- Born: September 24, 1966 (age 59) Baltimore, Maryland, U.S
- Occupations: Actress, Jeweler
- Years active: 1989–2011 (actress)
- Children: 1

= Stacy Galina =

American jeweler and former actress (born 1966)

Stacy Galina (born September 24, 1966) is an American jeweler and former actress. She is known for her roles as Kate Whittaker and Mary-Frances Sumner in the CBS prime time soap opera Knots Landing.

==Early life==
Galina was born in Baltimore, Maryland, and studied at the School of American Ballet and American Ballet Theatre in New York and danced for three years with the Atlanta Ballet.
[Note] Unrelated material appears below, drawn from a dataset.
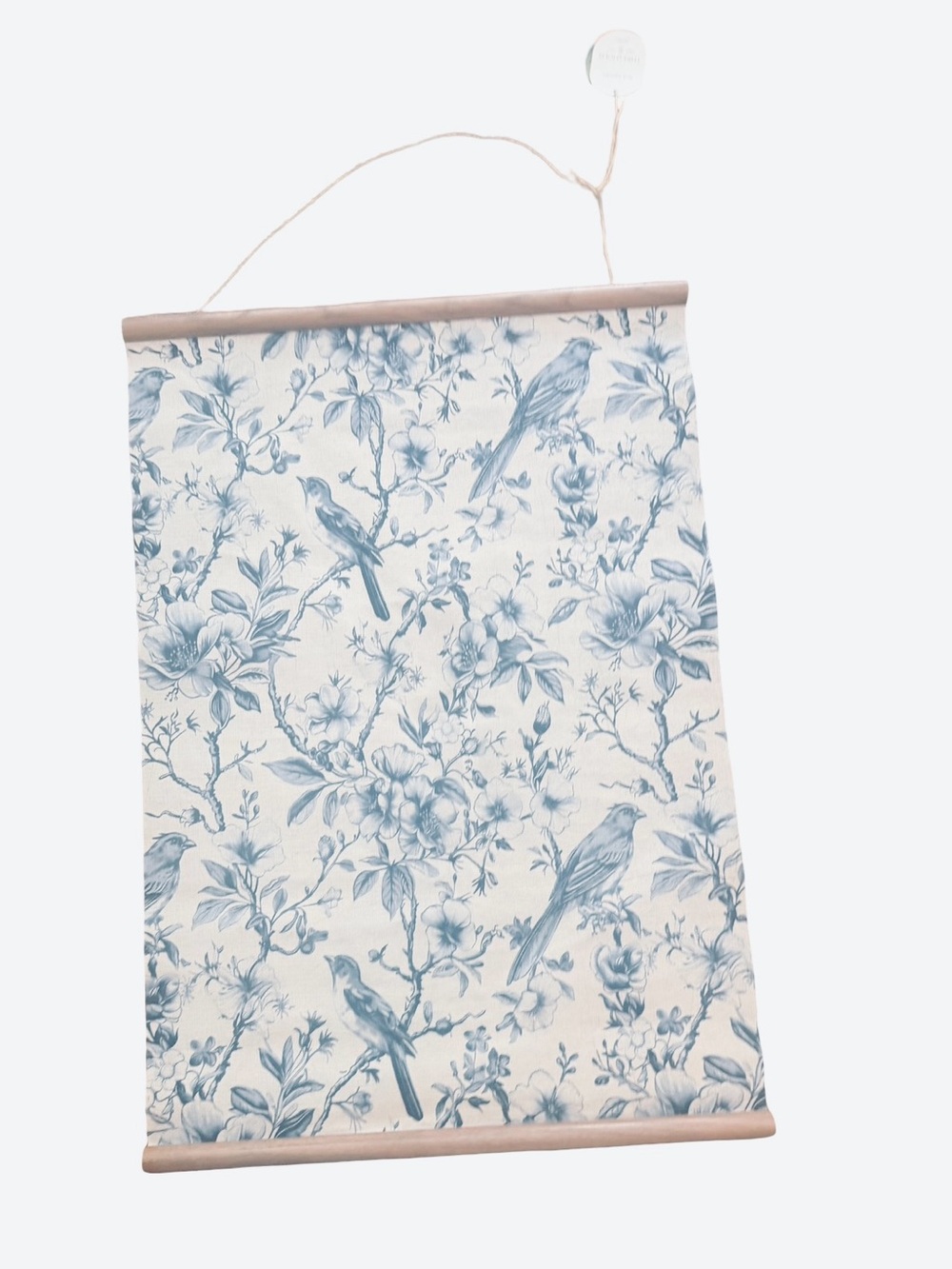 Blue Botanical Bird Print Wall Hanging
She is an only child. Galina's original dream career was to be a professional dancer, but a childhood injury at age seven led to her temporarily using a wheelchair and forced her to abandon such prospects.

==Career==
Galina later began an acting career, making her screen debut in a small part in the 1989 comedy film Big Man on Campus. She later appeared in the David Jacobs' series Paradise, before winning a role on his Knots Landing. She first appeared in the series in a guest role, playing Mary Frances Sumner in 1990, before joining the regular cast as Kate Whittaker for the final three seasons of the show. She reprised the role of Kate for Knots Landing: Back to the Cul-de-Sac in 1997.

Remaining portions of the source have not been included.